Forum Futuro ai blocchi di partenza. Quale economia per quale futuro?

Far ripartire la crescita, rilanciare i consumi, far «girare» di nuovo l’economia. I mantra post-moderni di un occidente in crisi. Sui media e nei forum economici si parla di «uscita dalla crisi» riproponendo la crescita come unica ancora di salvezza e la ripresa della produzione come panacea per una società in crisi d’identità. Purtroppo gli effetti del dogma della crescita sono sotto gli occhi di tutti, per quanto sia facile girare la testa o cambiare canale per non vedere: cambiamenti climatici, allargamento della forbice tra nord e sud del mondo e tra ricchi e poveri nelle nostre città, guerre per il controllo delle risorse. Siamo sicuri che sia questa l’unica strada percorribile? Chi ha deciso che il futuro del mondo debba essere questo?
Ne discutono sabato 20 aprile Enrico Burlando e Angelo Tartaglia nella prima serata di «Forum Futuro» dedicata a «Crisi economica/crisi ambientale. Dove stiamo andando?».

Viviamo in un mondo di risorse che crediamo infinite. Proprio come i bambini che rimandano l’inizio dei compiti delle vacanze fino all’ultimo, per ricordarsene il giorno prima dell’inizio della scuola e cercare la sera prima di salvare almeno la faccia. L’inizio della scuola non ha per noi una data precisa ma è fatto di tanti segnali che la terra sta lanciando: le risorse naturali con cui sono fatte le cose che mangiamo, usiamo e con cui ci vestiamo sono irrimediabilmente limitate. Abbiamo un solo pianeta da dividerci, è tempo di accettarlo e comportarsi di conseguenza.
Dalla seconda rivoluzione industriale l’occidente ha creduto di poter aumentare la produzione di beni indefinitamente, e così è stato in effetti fino all’inizio del XXI secolo. Gli elettrodomestici dal boom degli anni ’60, le griffe americane, i fast food, le tecnologie sono beni che i nonni dei nostri nonni non si sarebbero immaginati e che oggi viviamo come protesi dei nostri corpi.
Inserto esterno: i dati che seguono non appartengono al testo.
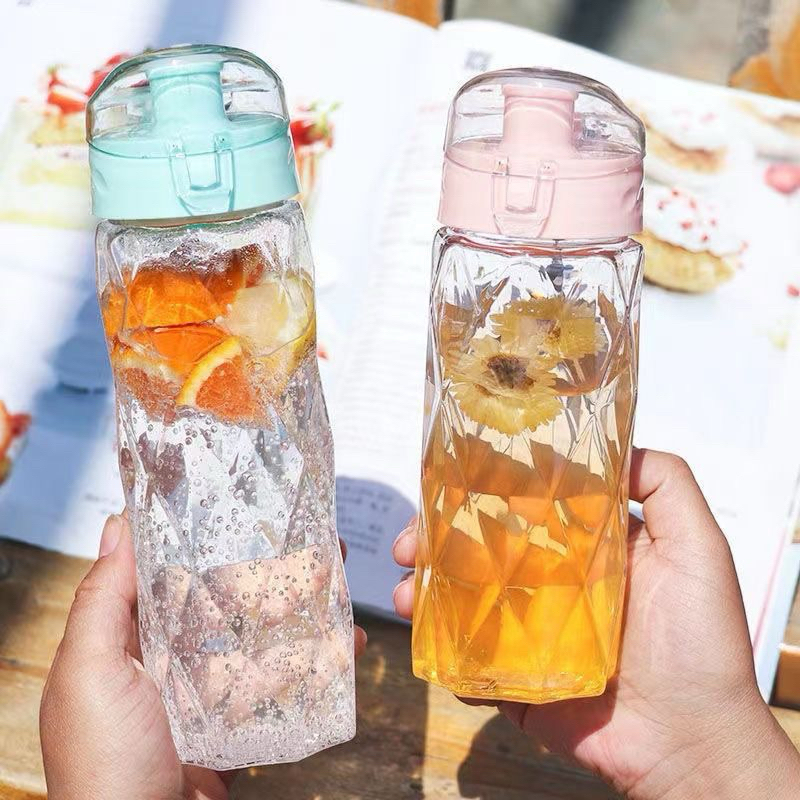 Botol Minum 600ml Transparan Motif Diamond BPA Free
Ciò di cui ancora non siamo consapevoli è che c’è chi sta pagando per la nostra opulenza: l’ambiente per primo sta vivendo un impoverimento che per certi versi ha già superato la soglia dell’irreversibilità. Stiamo per raggiungere il fondo del barile dopo esserci ingozzati per decenni convinti che la pacchia non sarebbe mai finita. La dimensione realmente globale raggiunta dall’economia e dalle comunicazioni ci obbliga a tenere conto di quel «dark side» della produzione fatto di sfruttamento umano e ambientale, del peso sull’intero pianeta che hanno i nostri comportamenti quotidiani (non vi siete mai chiesti come sia possibile pagare pochi euro per della frutta che ha viaggiato per migliaia di chilometri?). È di questi giorni la notizia che l’Australia stia lavorando per riconoscere legalmente lo status di «rifugiato ambientale» per coloro che sono costraetti ad emigrare a causa dei drammatici mutamenti climatici (http://www.guardian.co.uk/environment/2013/apr/16/australia-climate-change-refugee-status ).
È dunque ragionevole credere che un sistema a crescita indefinita non sia più sostenibile. La grande sfida sta nel pensare un’economia nuova, che tenti di reinventarsi per la stabilità, come il sistema-terra che mantiene da sè l’equilibrio tra produzione e rigenerazione delle risorse.